Pero en cada uno de nosotros, un libro, un cuadro, una melodía impacta de manera única, intrasmisible. En la adolescencia, cuando soñábamos, nos enamorábamos y desamorábamos con la misma rapidez, la música de Piazzolla nos hacía remontar vuelo. Adios nonino, seguramente nos estalló en los sesos con su nostálgica belleza, hilvanando el mismo sentimiento que acongojaba al autor al componerla, que, para esos años, ya había definido su personal estilo, desafiando el tango tradicional. Nadie podía animarse como él si había compartido en los cuarenta, la orquesta de Aníbal Troilo, Pichuco, el gran bandoneón de Buenos Aires. 

 

Tampoco escapa en esa década brillante para la música, Las cuatro estaciones de Buenos Aires, en donde el octeto Buenos Aires Ocho lo interpretaba coralmente, siendo celebrado por el propio y exigente autor. De allí me viene la imagen televisiva del comercial de chocolates Suflair, donde un barquito hecho con la etiqueta se desplazaba al costado de la calle empedrada, con la cortina musical de La muerte del ángel, interpretado aquel inolvidable grupo vocal. 

 

La música de Piazzolla siempre ha sido refugio ineludible en la soledad de las escapadas a la gran ciudad, donde acodado en la mesa de un bar, pegada a la ventana, veía transcurrir mi vida de ferroviario sin destino cierto. El tango me acunaba en mi desazón, con su trágica certidumbre, cumpliéndose aquella sentencia: pibe, el tango te espera. 

 

No todos adheríamos al derroche de pasión que despertaba Balada para un loco, con letra del poeta Horacio Ferrer y la voz de Amelita Baltar, un gran amor de Astor; recuerdo discutir con mi compañero de tareas, Oscar quien me increpaba, ¿a quién se le ocurre ponerle el título Calambre a un tango?

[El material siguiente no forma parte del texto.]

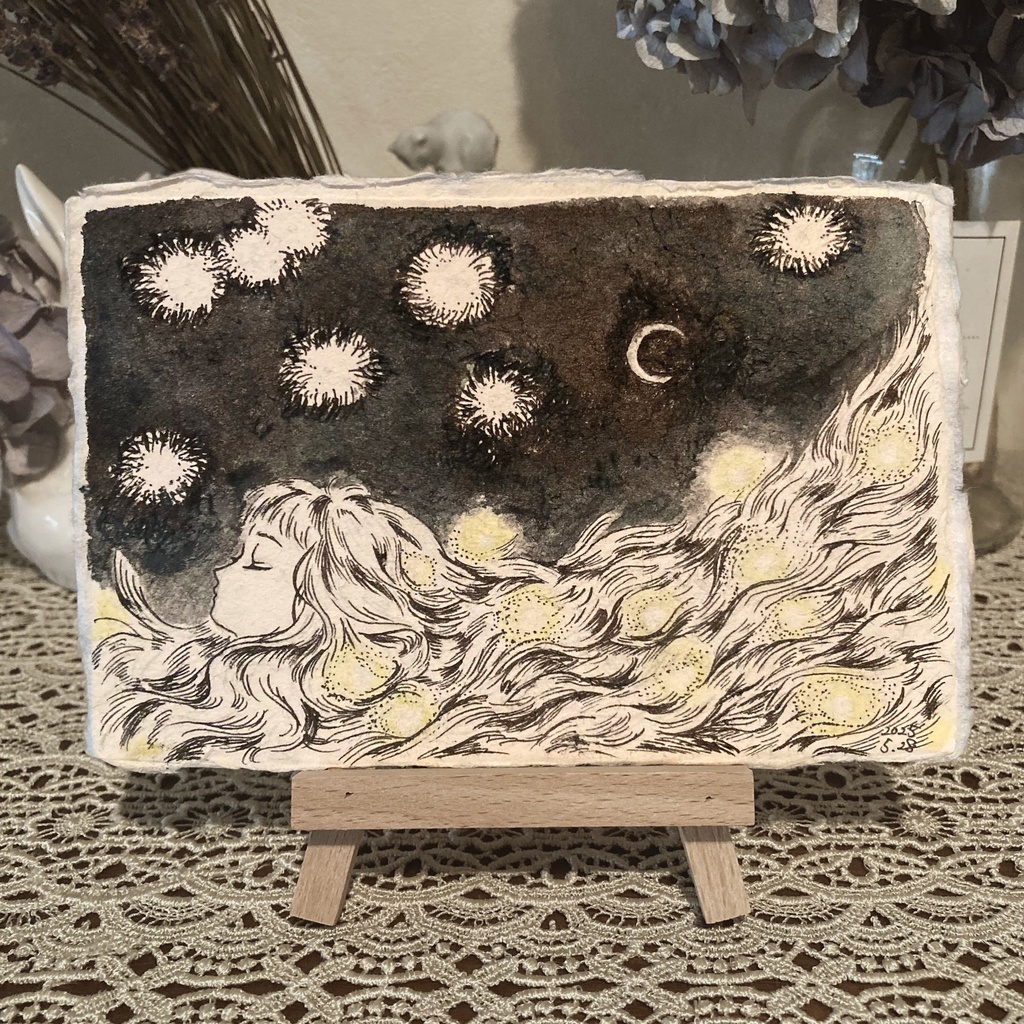 ペン画 ｰ蛍と夢の夜間飛行ｰ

Es terrible como el dolor de un calambre, se contestaba. Jamás le hice caso, ya se había equivocado cuando criticó a Piero con su canción Mi viejo, la que luego, a pesar de sus pronósticos, se transformó en un clásico. Más allá de esto, no había en el país quien que no cantara y se identificara con la exitosa balada.

 

Junto con el pianista, “Mono” Villegas o el saxofonista, Gato Barbieri, quien se proyecta como autor e intérprete en El último tango en París, (la provocadora película en la que actúan Marlon Brando y María Schneider), Astor se impone como un músico extraordinario que es interpretado por grandes orquestas sinfónicas o conjuntos de cámara, como los que están homenajeando actualmente en el Colón.

 

En los ochenta era un músico reconocido que se daba el gusto de tocar junto al vibrafonista Gary Burton, la cantante italiana Milva, Georges Moustaki y el Kronos Quartet, para quien escribió Five Tango Sensations, para cuerdas y bandoneón.

 

El 5 de agosto de 1990 fue internado con un infarto cerebral en París. Una semana más tarde lo trasladan a Buenos Aires donde, tras una larga agonía, muere el 4 de julio de 1992.

 

Para los amantes de ese maravilloso lenguaje universal que es la música, Astor Piazzolla vive en su obra a través de tantas grabaciones realizadas por músicos de todo el mundo. Músicos que no dejan de tener su corazón mirando al sur cuando lo interpretan.